I am terribly disappointed that the leader of the Gauls is not Vitalstatistix.
I’ve got to give this latest DLC a “meh.”
One of the civs and the new game mode are built upon things I consider weak foundations.
The dramatic mode makes everything either a dark age or a golden age, nothing in between. Which might be interesting if the ages weren’t such a subpar part of the game. It’s the rule, not the exception when a stretch where I am doing great… produces a dark age. Because the points are given for things that are just plain weird. And not out in the open to see, for strategic planning. The best thing about these ages is that they really do not matter all that much. So this new game mode makes sure they do matter, but having cities rebel in dark ages. Not my cup of tea at all.
And Byzantium has some very interesting mechanics, but they are all based on the religious part of the game. Which would be nice, if the religious part of the game did not involve putting up with tear-inducing tedium.
Gaul strikes me better, it has potential for providing some fun. It is a production and culture powerhouse, if played strategically. However, you will crash and burn if you do not manually control which tiles are worked in your cities, because the extra culture and production early on results in the auto-tile-assignment skimping on food, to the point your cities grow very slowly. I’m not crazy about the additional micro, but worse than that, it means that Gaul is likely to be a particularly weak AI opponent.
(Although it appears to me that a couple of the really weak AI opponents got tuneups a couple updates back, particularly Indonesia.)
dfs
3961
I can’t argue with any of that. I really liked the secret society stuff and the randomized techs. This release seems a bit of a letdown. My impression is the Computer Players are a bit more aggressive in the early game, but that could just be my limited impression.

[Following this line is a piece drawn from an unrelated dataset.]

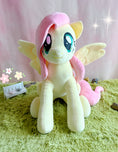 Load image into Gallery viewer, A 20-inch jumbo officially licensed plush of Fluttershy. Pictured here is the My Little Pony - Fluttershy Jumbo Plush.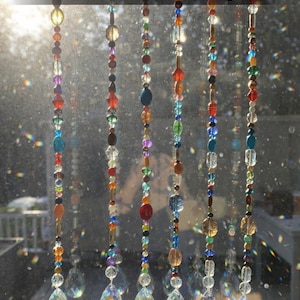 May include: A white ceramic mug with a black handle and the text "But First, Coffee" in a black, bold font. The mug is sitting on a wooden surface. The mug is approximately 4 inches tall.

I think so too. I also think that the barbarians are better, at least sporadically.
Strato
3963
I knew there was a mod that addresses your issue with the era score, the Real Era tracker - https://steamcommunity.com/sharedfiles/filedetails/?id=1699006932
I have been modding Civ VI via workshop and I think some of the gameplay changes are making it a little more inline with what I want in the game. I’ll comment more at a later date when I really thrash them out.
Piemax2
3964
I’ve been having problems when I use more than 1 ui mod. What are some recommended sets that play well together?
Mysterio
3965
This one should do the trick.
Piemax2
3966
Thanks! Next time I’ll try just running that.
Piemax2
3967
that mod on its own helps plenty and it hasnt causes any issues, thanks again for the suggestion.
Mysterio
3968
You’re welcome! Glad you like it!
Thanks, I will check it out. I think that the whole feature is conceptually weak, but it would be nice if at least it was properly visible, and maybe this mod will do it.
(The other feature I feel very sorry about is governors. It was a great idea, but why have they left it so uninspired and sterile?)
Strato
3970
I find Governors to be busy work that the game doesn’t need each turn because of their implementation only giving certain bonuses to the city they are in. Honestly, I’d much rather see Civ wide bonuses for their level ups (eg: all builders get +1 charge) balanced against mutually exlusive decisions. Or do away with policy cards being dictated by Government and have the Governer promotions influence how many policy cards I can get.
Never really thought about it, but yeah, it might be that as long as governors are limited to their own city, there are limited the interesting possibilities are limited.
Are the governors still insanely unbalanced with Magnus (or whichever one got the double forest chop bonus) being crazy broken?
Strato
3973
Nope, Magnus got patched. He only gives 50% of yield now from harvesting a resource.
Oddly, I think my biggest frustration with the game currently is the map generation. I’m finding that even if I set it as an “old” earth the map always seems to discourage roaming, or much choice in direction of development. Mountain ranges are the main thing, but also large deserts and bodies of water. I find it typical to start hemmed in on three sides by deserts, water, and mountains… with the fourth direction allowing just the proper amount of space before it, too is hemmed in.
I think this is a change they made during updates, maybe to address complaints about close neighbors and poor AI. You can’t roll over your neighbors in the early game if you can’t get to them. :)
Travel is invariably through snaking paths through or around mountains, which would be fine for a novelty, but gets really old as the standard.
A couple times I got very nice maps, then realized I had accidentally left the difficulty on the default (prince?). So I think that this obnoxious mapping thing is an undocumented aspect of higher difficulty levels.
I think that’s why I love playing on the largest maps, with big islands/continents, then hope for a good balance of civs spread out enough that we’re not right on top of one another. I have more problems with civs fighting for space than managing exploration and growth on the land around me.